### [Description of the task]
The pictures get dropped, while every remaining part of the listing is copied exactly.

### [Data for the task]
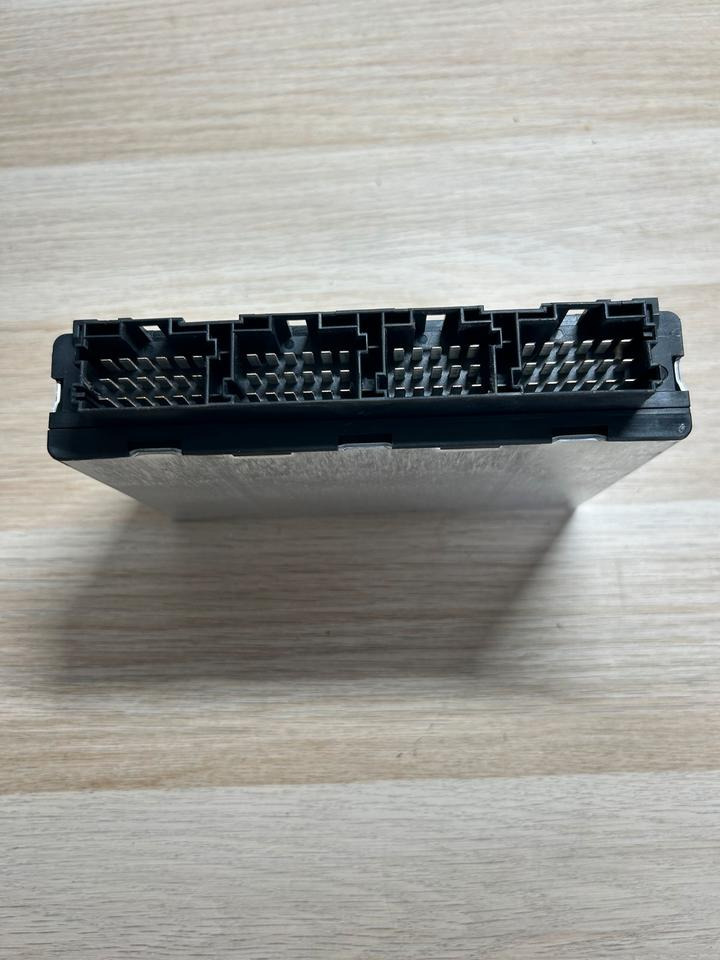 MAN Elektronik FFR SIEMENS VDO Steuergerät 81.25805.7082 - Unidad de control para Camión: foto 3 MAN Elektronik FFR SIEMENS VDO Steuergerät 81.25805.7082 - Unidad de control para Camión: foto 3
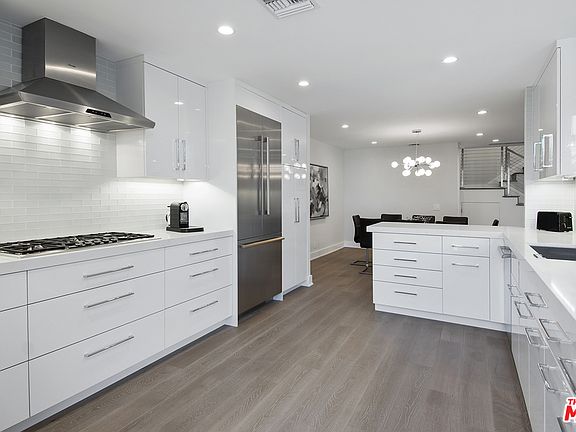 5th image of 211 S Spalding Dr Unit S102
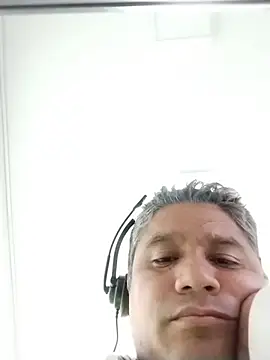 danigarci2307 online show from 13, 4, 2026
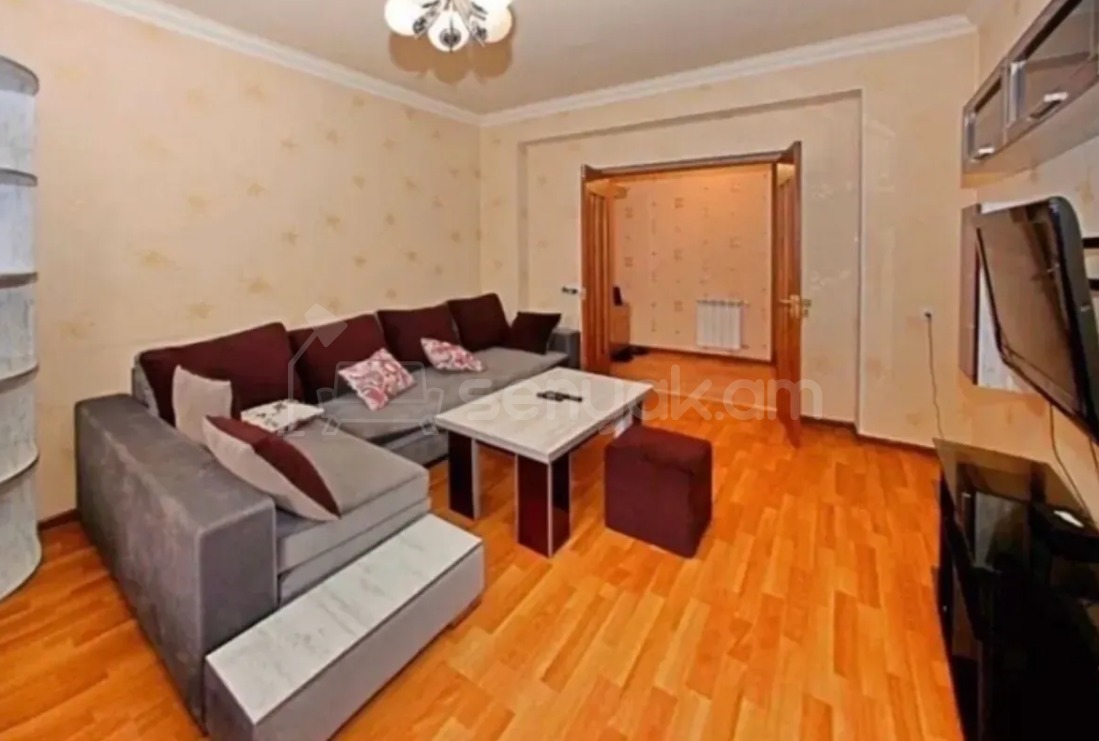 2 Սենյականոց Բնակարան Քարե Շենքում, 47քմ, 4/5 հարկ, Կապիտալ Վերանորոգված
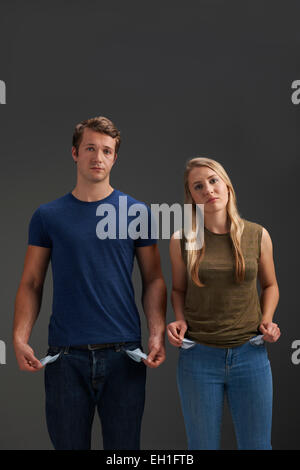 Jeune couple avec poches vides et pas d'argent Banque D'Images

### [Solution for this problem]
 MAN Elektronik FFR SIEMENS VDO Steuergerät 81.25805.7082 - Unidad de control para Camión: foto 3 MAN Elektronik FFR SIEMENS VDO Steuergerät 81.25805.7082 - Unidad de control para Camión: foto 3
 5th image of 211 S Spalding Dr Unit S102
 danigarci2307 online show from 13, 4, 2026
 2 Սենյականոց Բնակարան Քարե Շենքում, 47քմ, 4/5 հարկ, Կապիտալ Վերանորոգված
 Jeune couple avec poches vides et pas d'argent Banque D'Images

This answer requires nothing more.